I enjoy the community of the Honors Program. My first year at Simmons almost all of the new honors students lived in the same hall, and we took the same first-year seminar courses. I also joined the Honors Liaison, a club that offers special academic and social events for the honors community, and then I served as the liaison’s president during my sophomore and junior years. I felt like I really got to know everyone in the Honors Program.
What advice would you give to a Simmons student considering the Honors Program?
You should absolutely apply! In addition to the great community, there are lots of other benefits. Students can choose to fulfill some of their core requirements with Honors courses and receive a yearly book award. If you do not apply or are not accepted into the Honors Program your first year, you can reapply for sophomore entry. This allows students to get used to life at Simmons before choosing to take on an extra challenge.

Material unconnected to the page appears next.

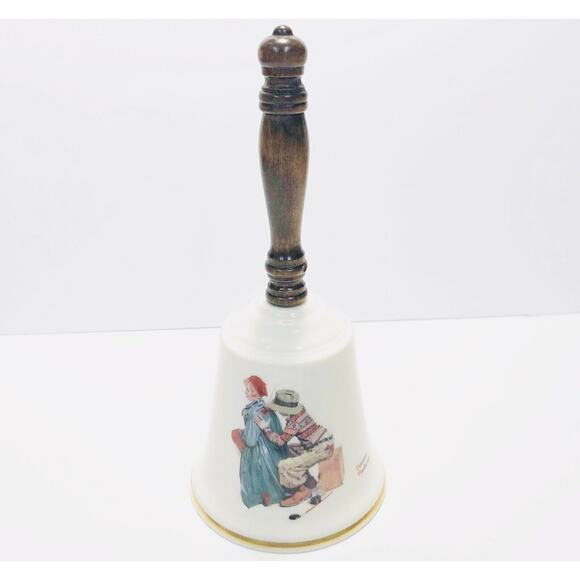 Vintage 1987 Norman Rockwell Gorham Fine China Collectibles The Artist Hand Bell - Picture 2 of 8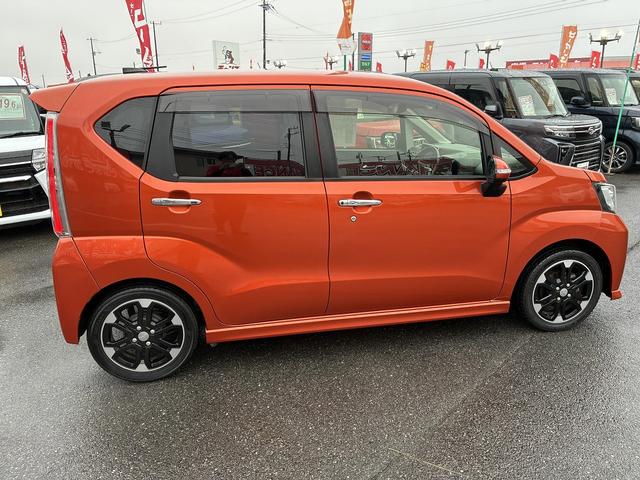 ムーヴ カスタム RS ハイパーSA スマートキー ステリモ 衝突軽減ブレーキ アイドリングストップ プッシュスタート SDナビ CD DVD Bluetooth フォグ 15インチ純正アルミ LEDライト(17枚目)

What's your Simmons moment?
Every year I attend a conference for high school Girl Scouts in New England
. I speak on a panel of college students and answer the girls’ questions about college life. At the end of this year’s panel, a woman came up to me with her daughter and told me that she was a Simmons alumna, and that her daughter was now considering coming to Simmons because of the things I said about it.
What made you choose Simmons?
I chose Simmons for the location and the small school atmosphere. The admissions process was very personal; I was called by students, I received a card from an alumna from my hometown, and my admissions counselor included a handwritten note with my acceptance letter congratulating me for earning my Girl Scout Gold Award. This individual attention continued when I became a student, and my professors have repeatedly gone out of their way to help me find research opportunities, apply to grad school and take the best courses for my interests.